## Work instructions
Omit the pictures, and output the rest of the entries exactly as written.

Captioned web images
•••

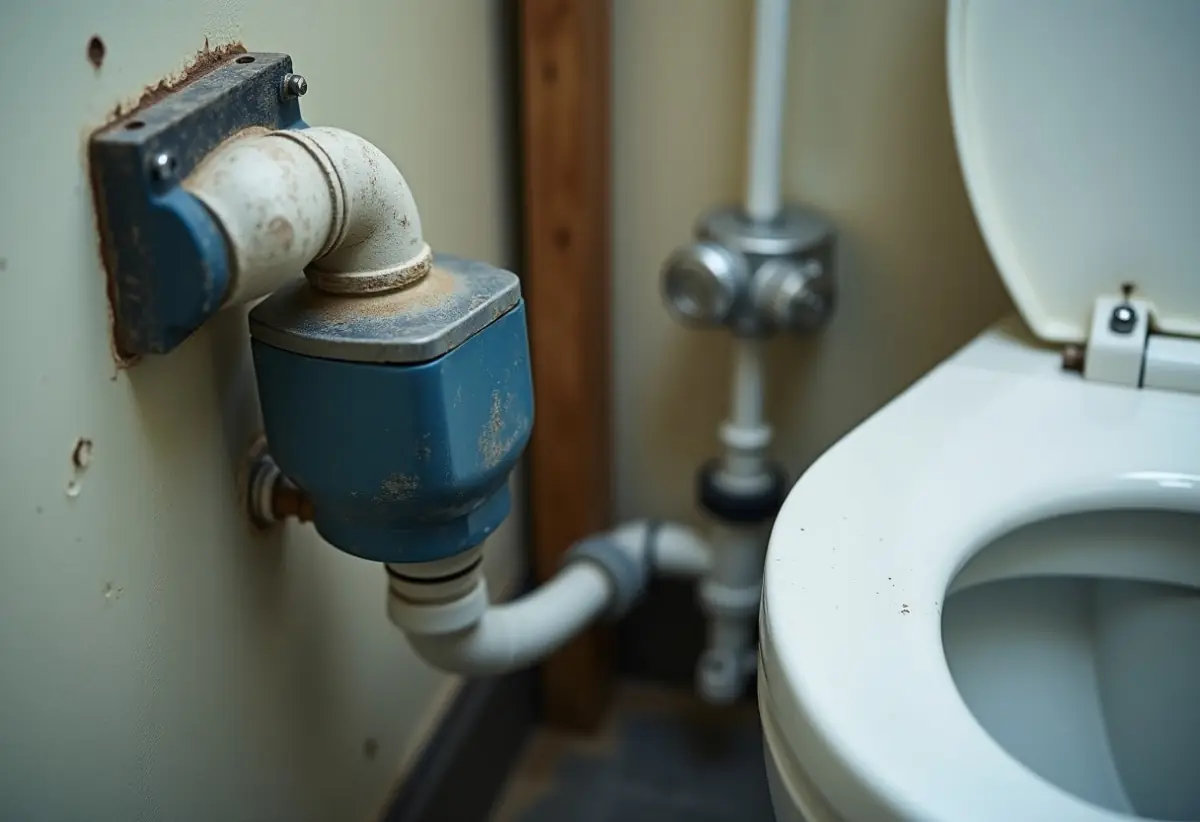 Macerating toilet unit with a small discharge pipe running along the wall.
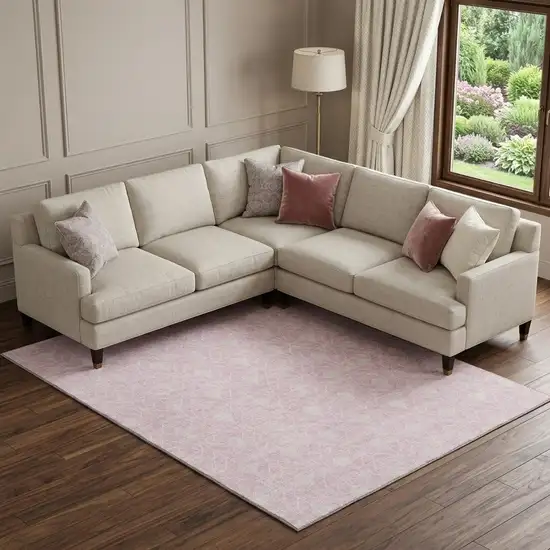 Pink And Ivory Geometric Washable Area Rug With UV Protection Photo 1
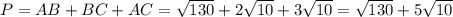 P=AB+BC+AC=\sqrt{130}+2\sqrt{10} +3\sqrt{10} =\sqrt{130}+5\sqrt{10}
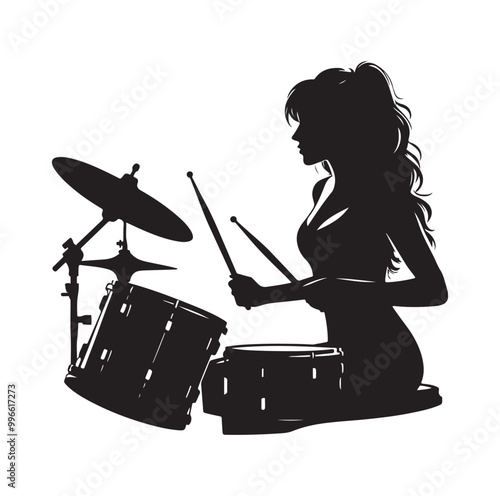 Drummer Silhouette, Vector Illustration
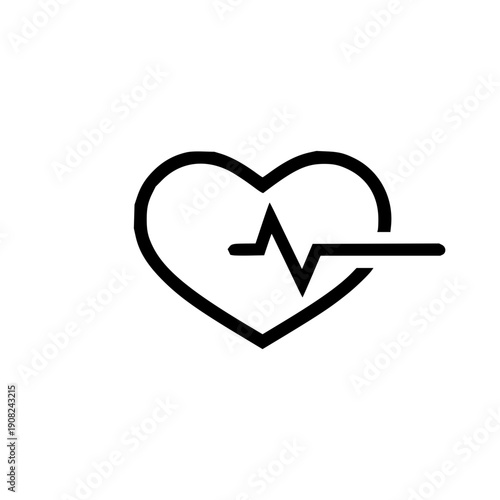 Abstract representation of a heart with a cardiogram pulse line, symbolizing health and life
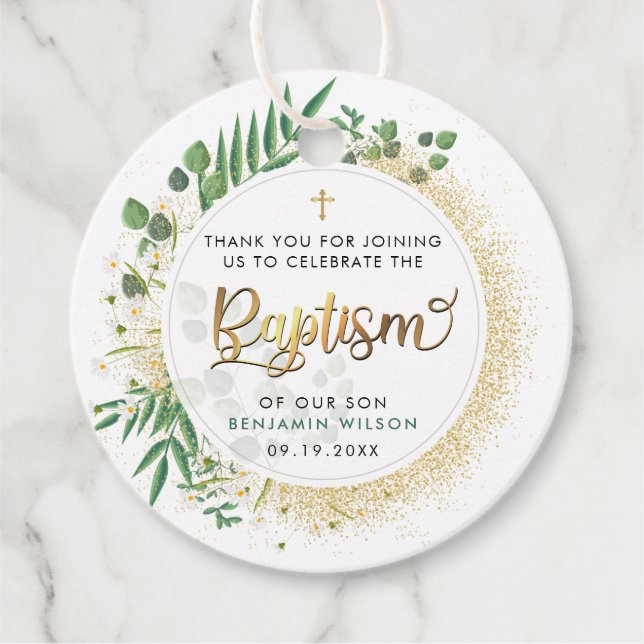 Guld och Grönt botaniskt baptism Tack Gåvor Etiketter (Framsida)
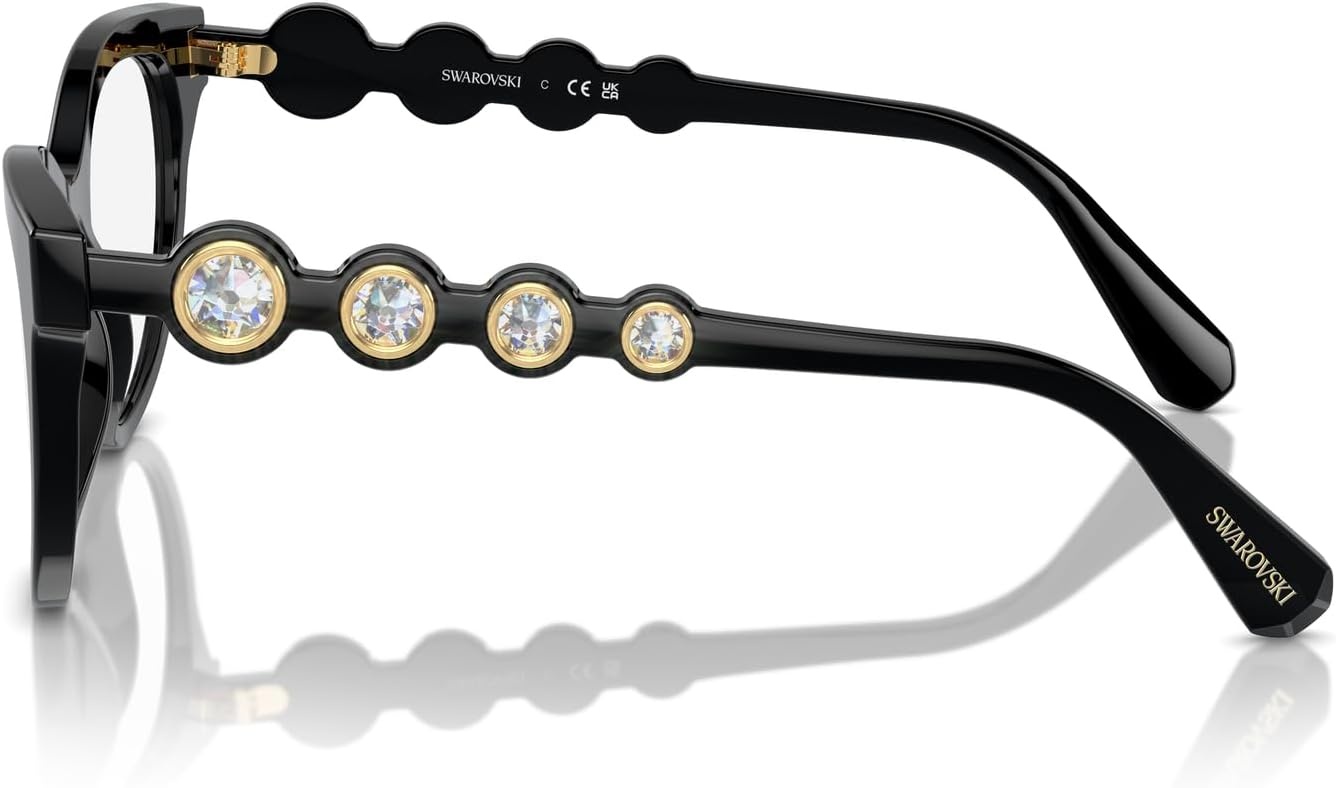 image:imageSwarovski womens Sk2025 Round Prescription Eyewear FramesBlackDemo Lens
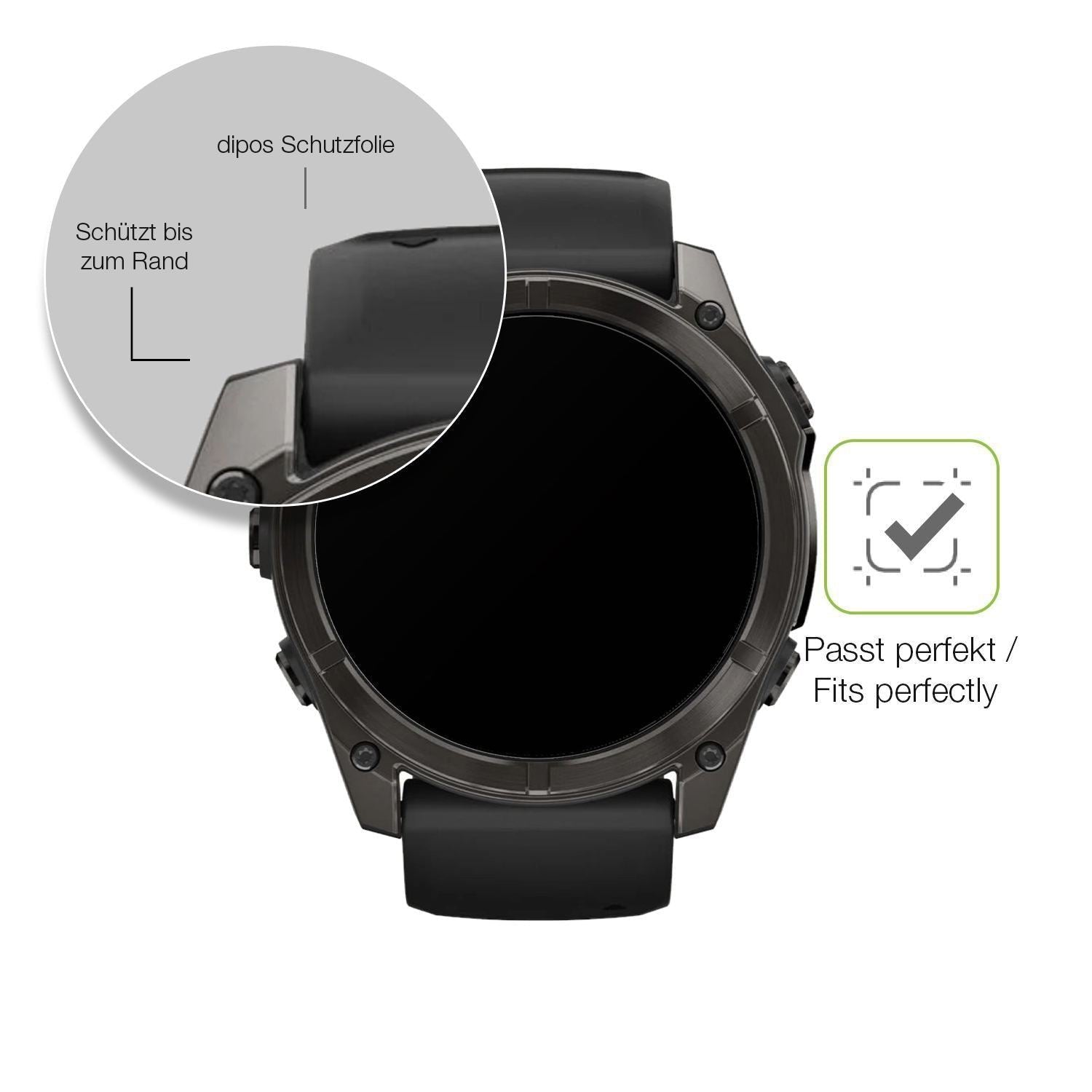 2x Full Cover Schutzfolie matt für Garmin Fenix 8  (6)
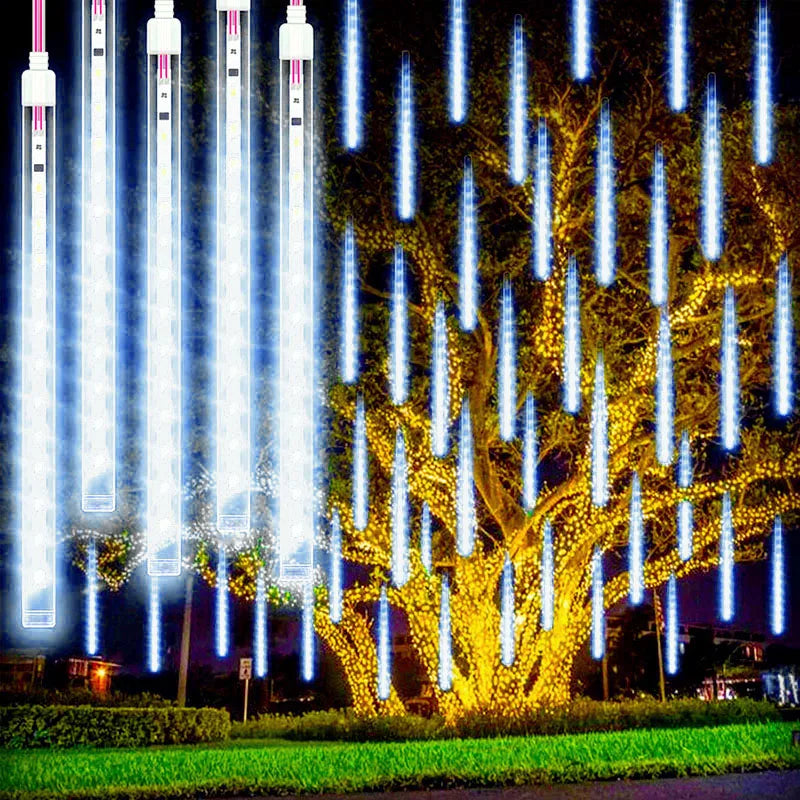 LED Meteor Shower Lights | Waterproof Cascading Outdoor Tubes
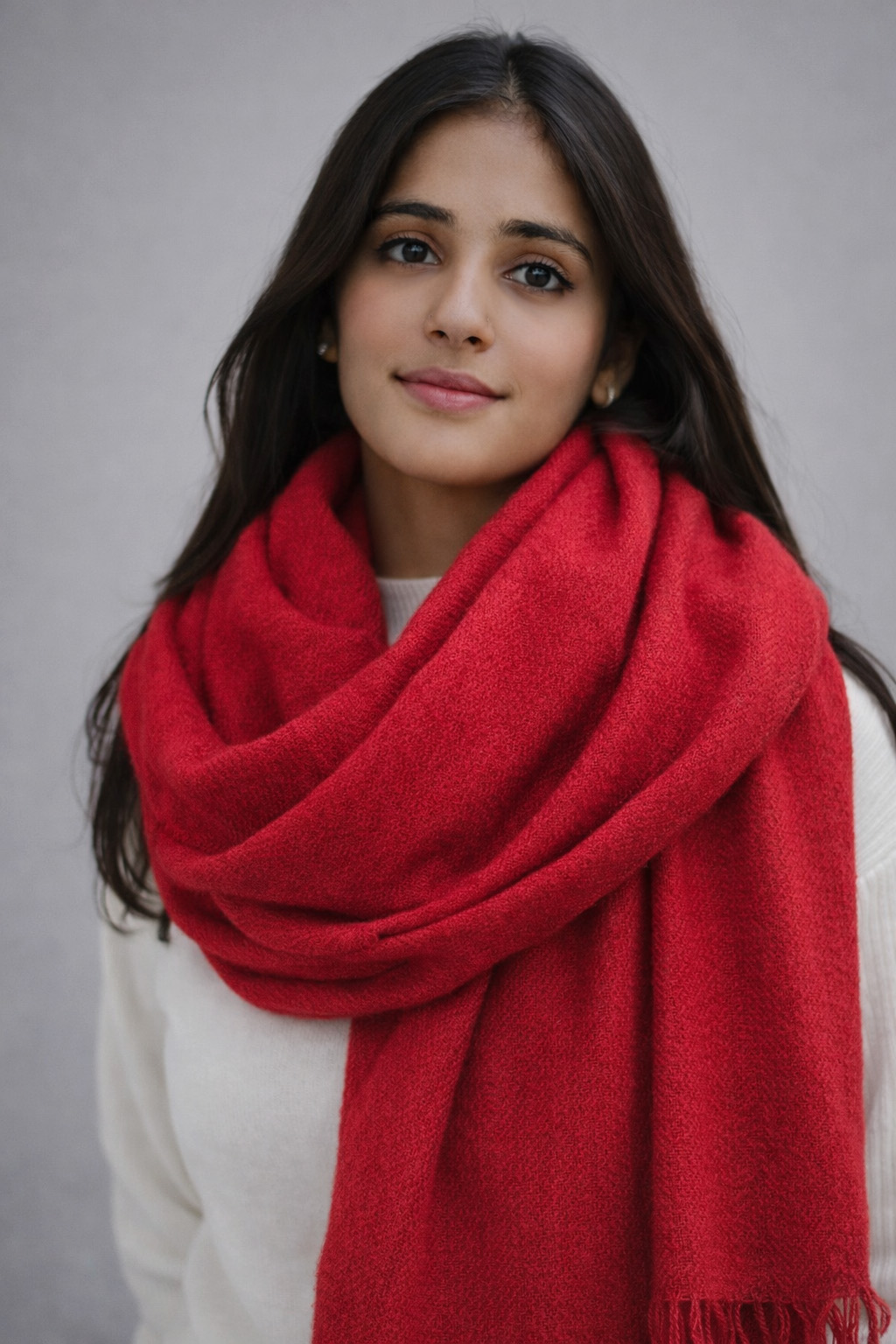 handwoven crimson red himalayan wool shawl handwoven crimson red himalayan wool shawl styled for Winter wear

•••

## Exercise solution
 Macerating toilet unit with a small discharge pipe running along the wall.
 Pink And Ivory Geometric Washable Area Rug With UV Protection Photo 1
 P=AB+BC+AC=\sqrt{130}+2\sqrt{10} +3\sqrt{10} =\sqrt{130}+5\sqrt{10}
 Drummer Silhouette, Vector Illustration
 Abstract representation of a heart with a cardiogram pulse line, symbolizing health and life
 Guld och Grönt botaniskt baptism Tack Gåvor Etiketter (Framsida)
 image:imageSwarovski womens Sk2025 Round Prescription Eyewear FramesBlackDemo Lens
 2x Full Cover Schutzfolie matt für Garmin Fenix 8  (6)
 LED Meteor Shower Lights | Waterproof Cascading Outdoor Tubes
 handwoven crimson red himalayan wool shawl handwoven crimson red himalayan wool shawl styled for Winter wear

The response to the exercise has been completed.